— WHAT YOU WILL DO —
Write out the records beneath this line exactly as they appear, minus any images.

Scraped caption text data:
========================

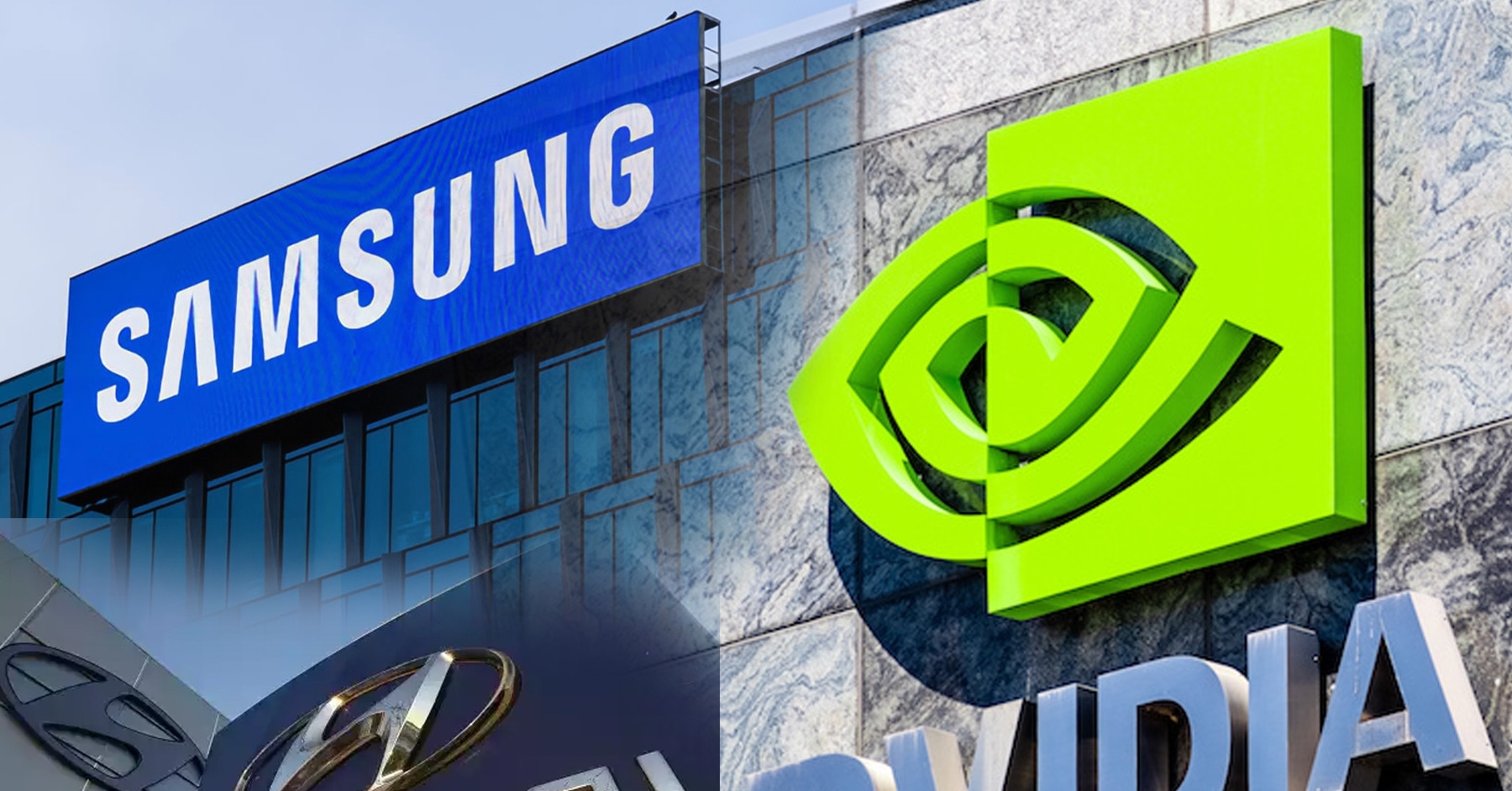 Nvidia ngoạn mục vượt Microsoft và Apple, 4 tập đoàn tài phiệt Hàn Quốc họp khẩn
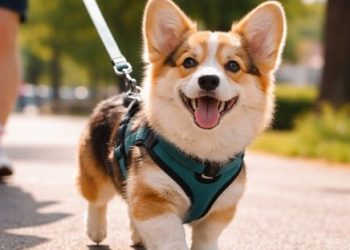 Claves para dar el paseo perfecto con tu perro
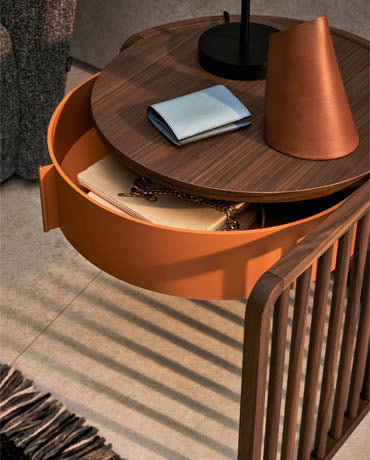Mesa de cabeceira PALÙ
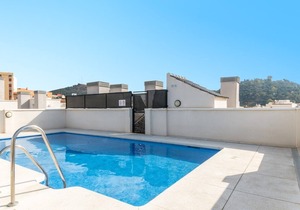 -MalagaSunApts- Huge & Central * Pool* FreePARK*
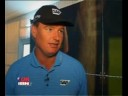 Ernie Els talks to CNN-IBN's Himanshu Singhal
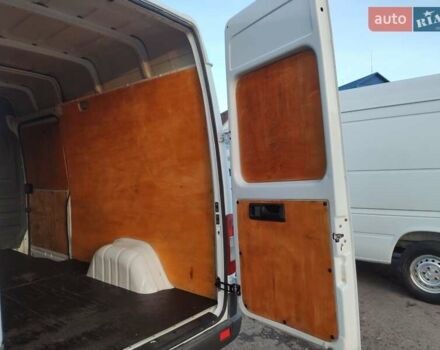 Белый Мерседес Sprinter, объемом двигателя 0 л и пробегом 298 тыс. км за 16500 $, фото 23 на Automoto.ua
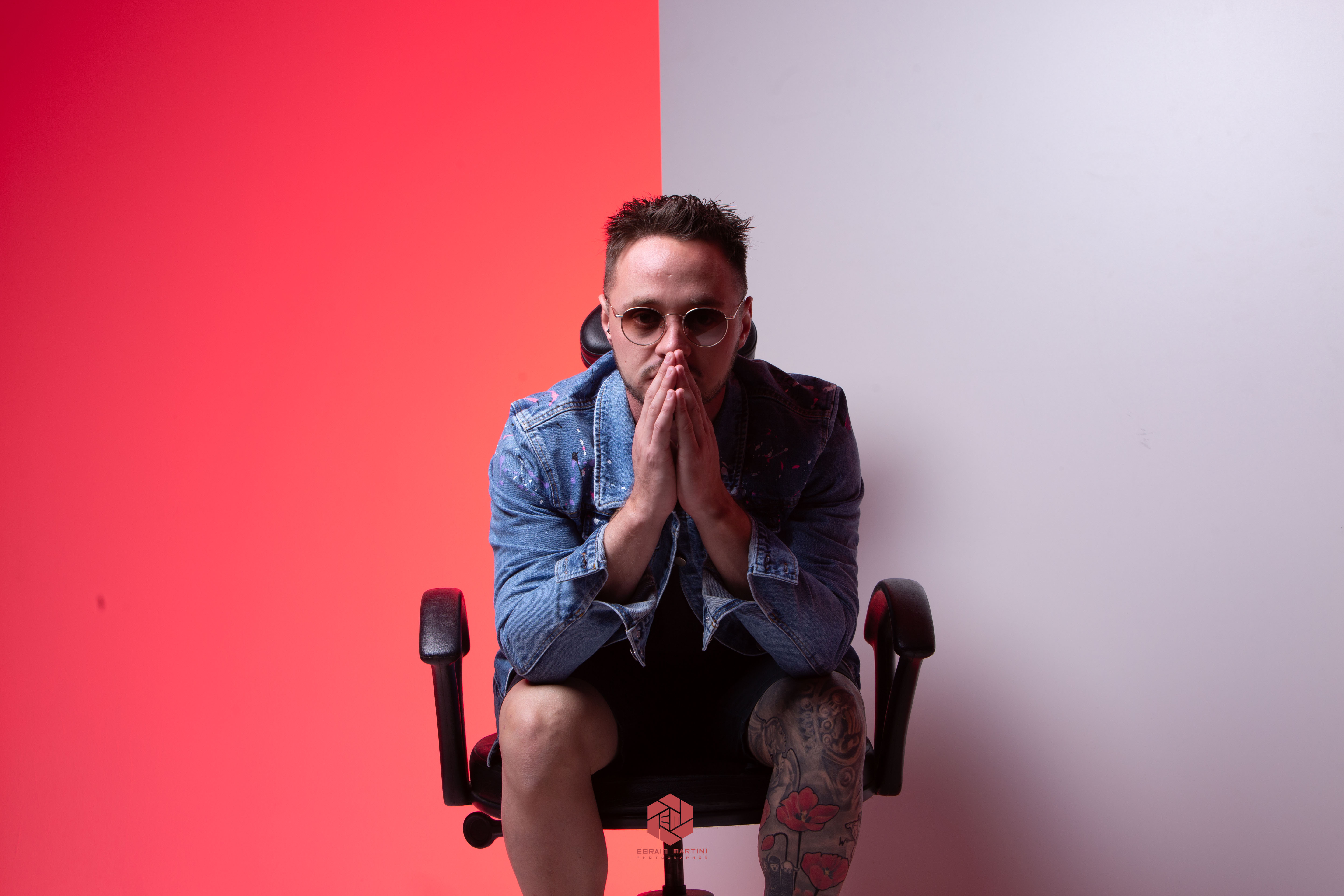 JUKKA Editorial Portrait
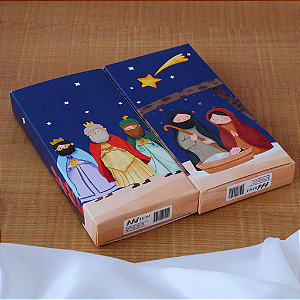 Caixa Barra Menino Jesus (10 unidades)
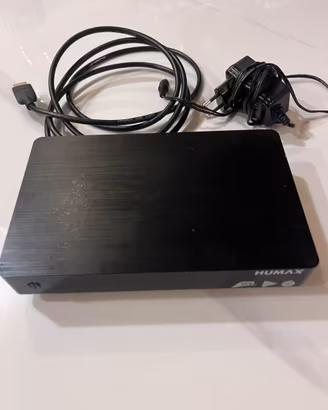 decoder tvsat HD HUMAX - 6600S
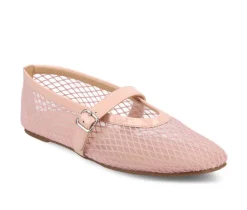 Women's Journee Collection Carrie Flats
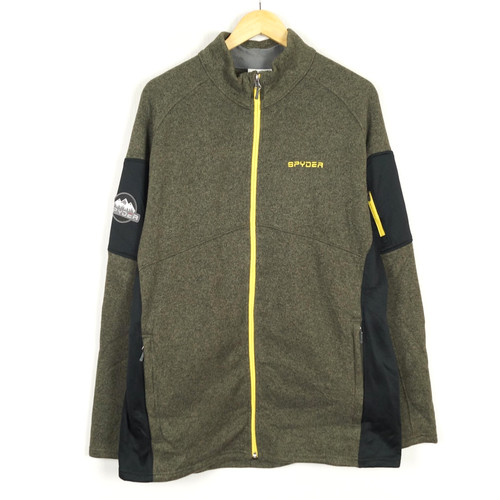 Maglione spyder taglia - maglione, xl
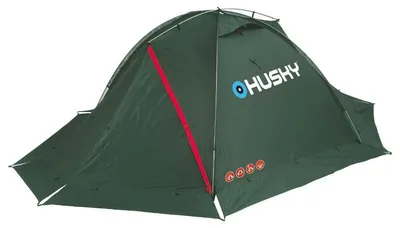 Produktbild von Zelt HUSKY Falcon 2 osoby GRÜN Größe: Einheitsgröße
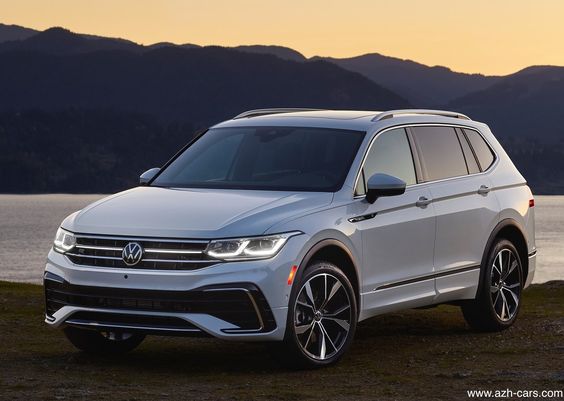 Volkswagen Tiguan Tech Review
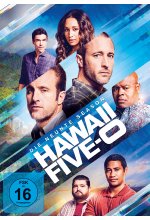 Hawaii Five-0 (2010) - Season 9  [6 DVDs] DVD-Cover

========================

— EXERCISE RESPONSE —
 Nvidia ngoạn mục vượt Microsoft và Apple, 4 tập đoàn tài phiệt Hàn Quốc họp khẩn
 Claves para dar el paseo perfecto con tu perro
Mesa de cabeceira PALÙ
 -MalagaSunApts- Huge & Central * Pool* FreePARK*
 Ernie Els talks to CNN-IBN's Himanshu Singhal
 Белый Мерседес Sprinter, объемом двигателя 0 л и пробегом 298 тыс. км за 16500 $, фото 23 на Automoto.ua
 JUKKA Editorial Portrait
 Caixa Barra Menino Jesus (10 unidades)
 decoder tvsat HD HUMAX - 6600S
 Women's Journee Collection Carrie Flats
 Maglione spyder taglia - maglione, xl
 Produktbild von Zelt HUSKY Falcon 2 osoby GRÜN Größe: Einheitsgröße
 Volkswagen Tiguan Tech Review
 Hawaii Five-0 (2010) - Season 9  [6 DVDs] DVD-Cover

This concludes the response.